Il lavoro nel penale minorile è un lavoro “sartoriale”, perché prende le misure di ogni ragazzo e ragazza e cuce un progetto su misura, a seconda delle esigenze e dei bisogni osservati e condivisi. Mette al centro il minore, che viene visto e riconosciuto per quello che è, che può diventare, e non per quello che ha fatto e per il reato che ha commesso. I progetti rivolti ai minori autori di reato sono pensati per offrire occasioni di apprendimento e di sperimentazione di sé, in cui ragazzi e ragazze imparano a leggersi e riconoscersi, possono vivere esperienze di successo e scoprirsi portatori di competenze, capaci di azioni utili e positive, ma anche di saper scegliere. Essere inseriti in un contesto di bisogno reciproco, riconoscere il valore delle proprie azioni e sentirsi responsabili consente di riallacciare i rapporti con il contesto e con la comunità in cui si vive, provando a giocarsi in un ruolo diverso.
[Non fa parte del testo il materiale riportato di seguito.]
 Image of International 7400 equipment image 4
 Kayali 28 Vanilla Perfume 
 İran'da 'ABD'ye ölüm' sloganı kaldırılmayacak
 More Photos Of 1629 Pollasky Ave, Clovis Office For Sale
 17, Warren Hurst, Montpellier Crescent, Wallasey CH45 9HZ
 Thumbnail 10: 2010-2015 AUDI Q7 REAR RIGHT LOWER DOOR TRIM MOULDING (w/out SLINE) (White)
I giovani hanno il diritto di avere un’occasione di essere inclusi nel loro territorio, hanno bisogno di sentire di appartenere a qualcosa, ma hanno anche il dovere di fare delle azioni per ricucire gli strappi causati dai reati commessi. Anche la comunità ha diritti e doveri: i cittadini hanno il diritto di essere “risarciti”, anche simbolicamente, del danno subito, ma come adulti hanno anche il dovere e la responsabilità di prendersi cura e di accompagnare ragazzi e ragazze nel loro percorso di riscatto, facendogli vivere esperienze di valore, per mostrargli un futuro diverso, riflettendo sul passato ma agendo sul presente.

Lavorare con i minori autori di reato, insomma, significa progettare e realizzare lavori di cucitura per contrastare le povertà educative e le disuguaglianze, per far venire meno i presupposti per cui si commettono i reati: cucire con la biografia dei ragazzi e delle ragazze che incontriamo, cucire con le realtà in cui vivono, un lavoro paziente, prezioso e artigianale.

Il progetto “Tra Zenit e Nadir”, frutto della collaborazione tra Istituto Don Calabria e CNCA, è attuato a Brescia da Cooperativa Il Calabrone e Opera Pavoniana, insieme a Comune di Brescia e Ufficio servizi sociali per i minorenni di Brescia.